Images are to be dropped; everything else in the entries below must be copied exactly.

— Entries supplied —
++++
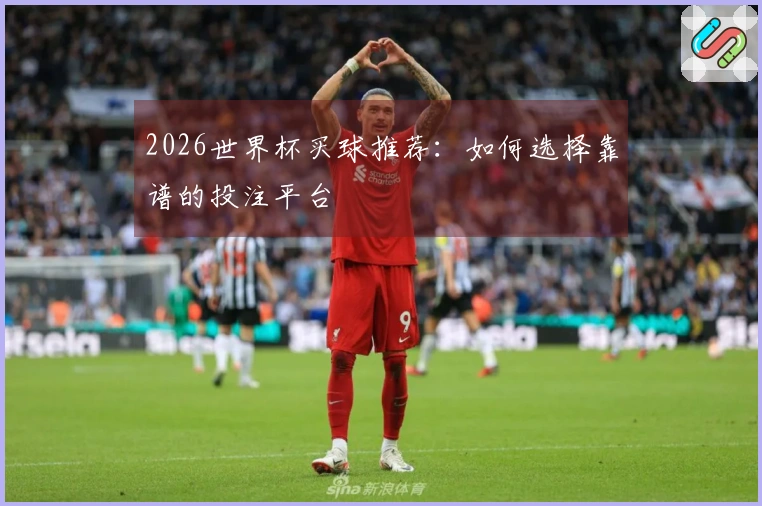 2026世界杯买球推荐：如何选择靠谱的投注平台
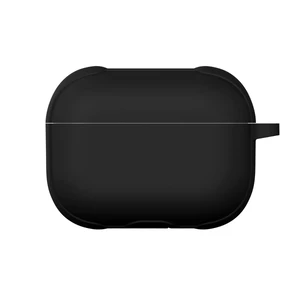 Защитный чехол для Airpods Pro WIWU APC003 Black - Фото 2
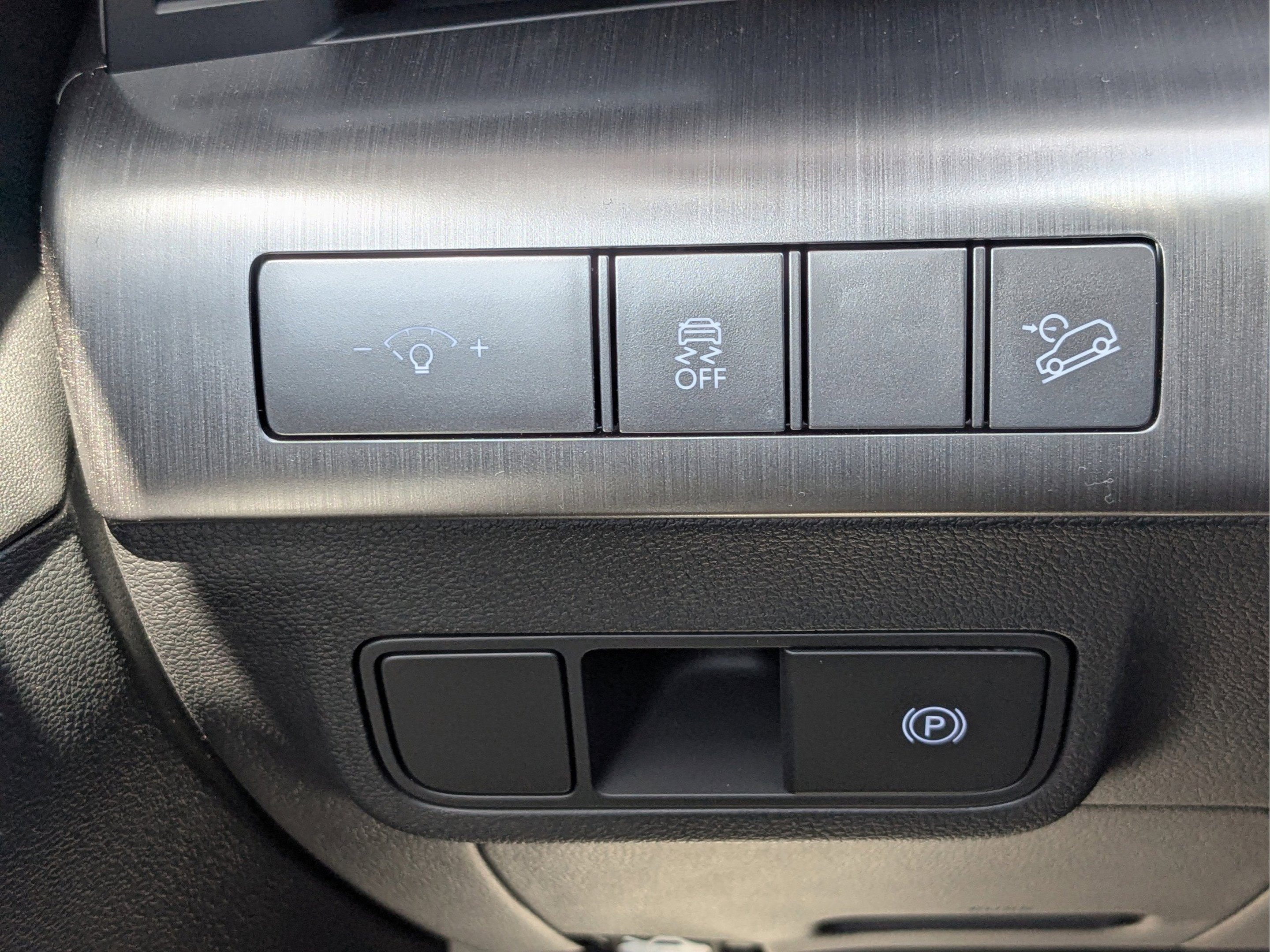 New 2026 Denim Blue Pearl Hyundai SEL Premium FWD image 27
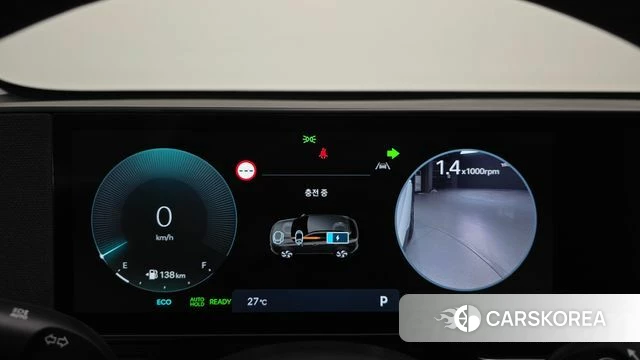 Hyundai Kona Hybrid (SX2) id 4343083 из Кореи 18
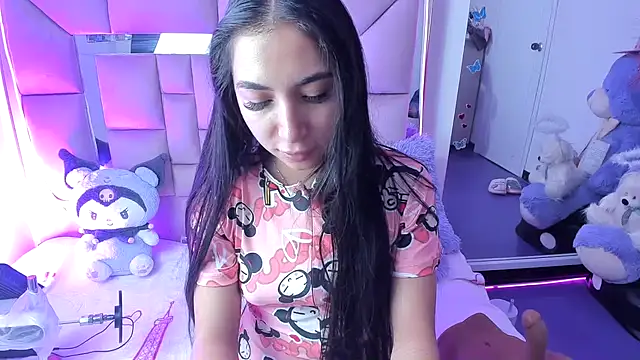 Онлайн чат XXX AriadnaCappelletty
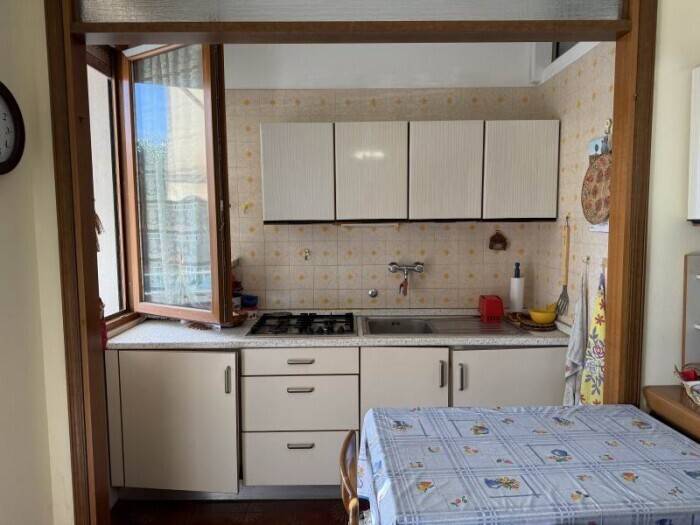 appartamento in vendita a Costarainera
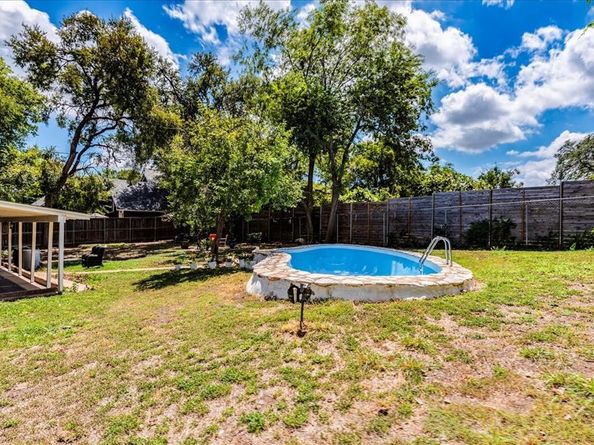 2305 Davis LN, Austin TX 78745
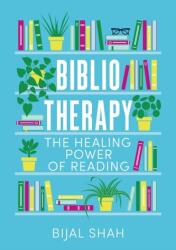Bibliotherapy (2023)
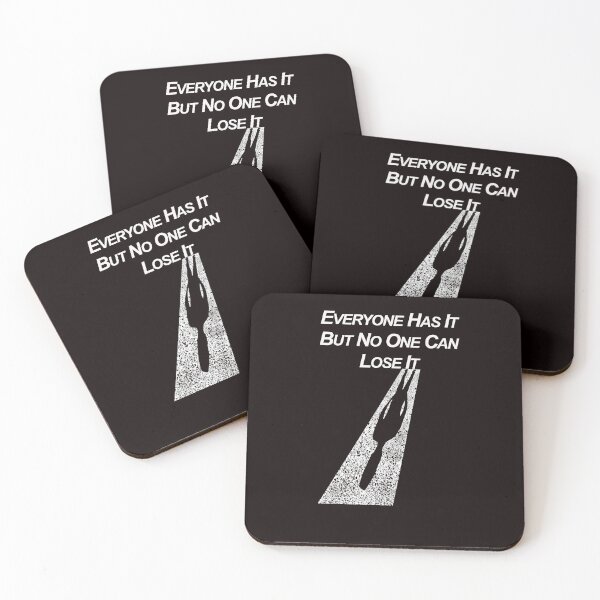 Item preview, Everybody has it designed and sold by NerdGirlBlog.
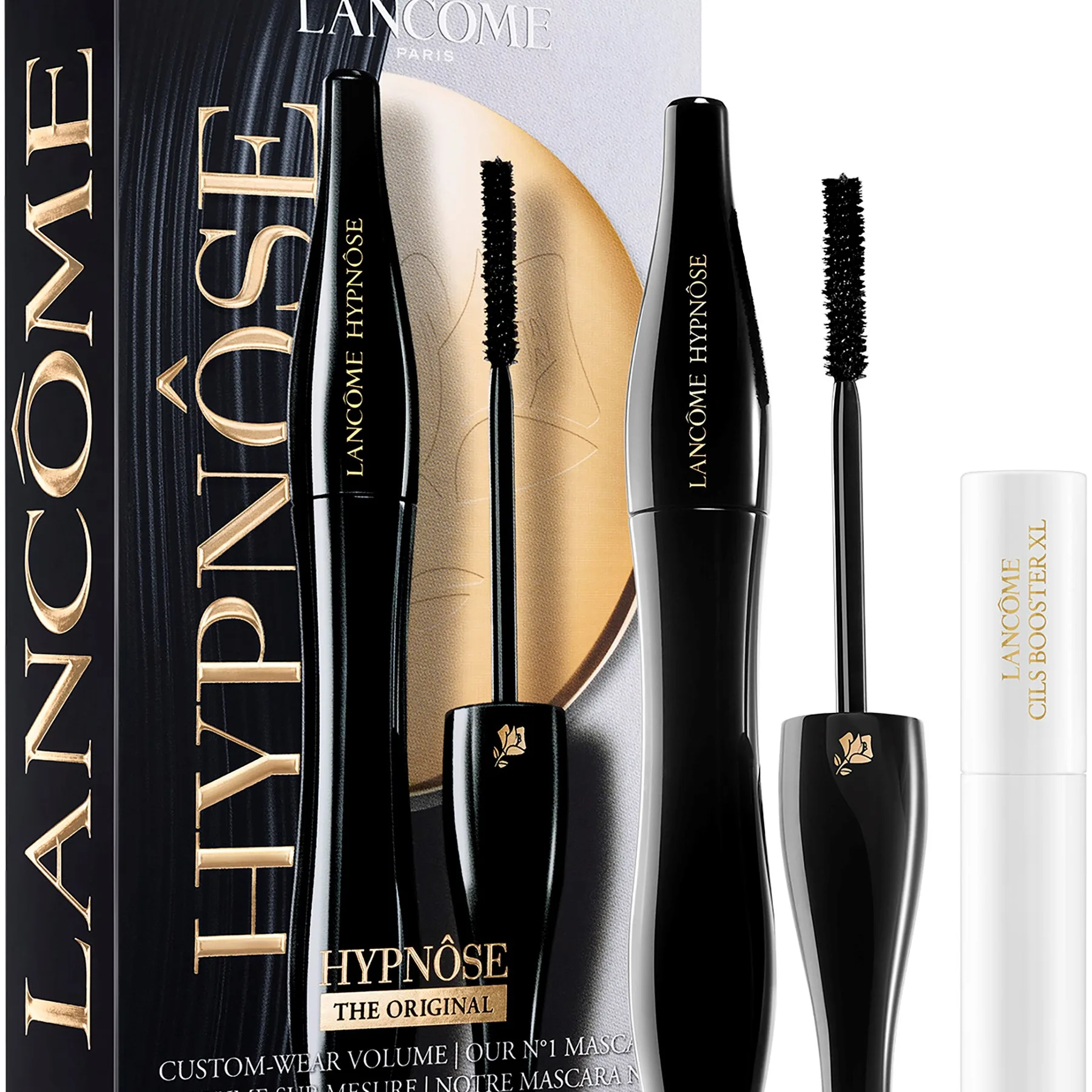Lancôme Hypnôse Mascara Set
++++
— The answer —
 2026世界杯买球推荐：如何选择靠谱的投注平台
 Защитный чехол для Airpods Pro WIWU APC003 Black - Фото 2
 New 2026 Denim Blue Pearl Hyundai SEL Premium FWD image 27
 Hyundai Kona Hybrid (SX2) id 4343083 из Кореи 18
 Онлайн чат XXX AriadnaCappelletty
 appartamento in vendita a Costarainera
 2305 Davis LN, Austin TX 78745
Bibliotherapy (2023)
 Item preview, Everybody has it designed and sold by NerdGirlBlog.
Lancôme Hypnôse Mascara Set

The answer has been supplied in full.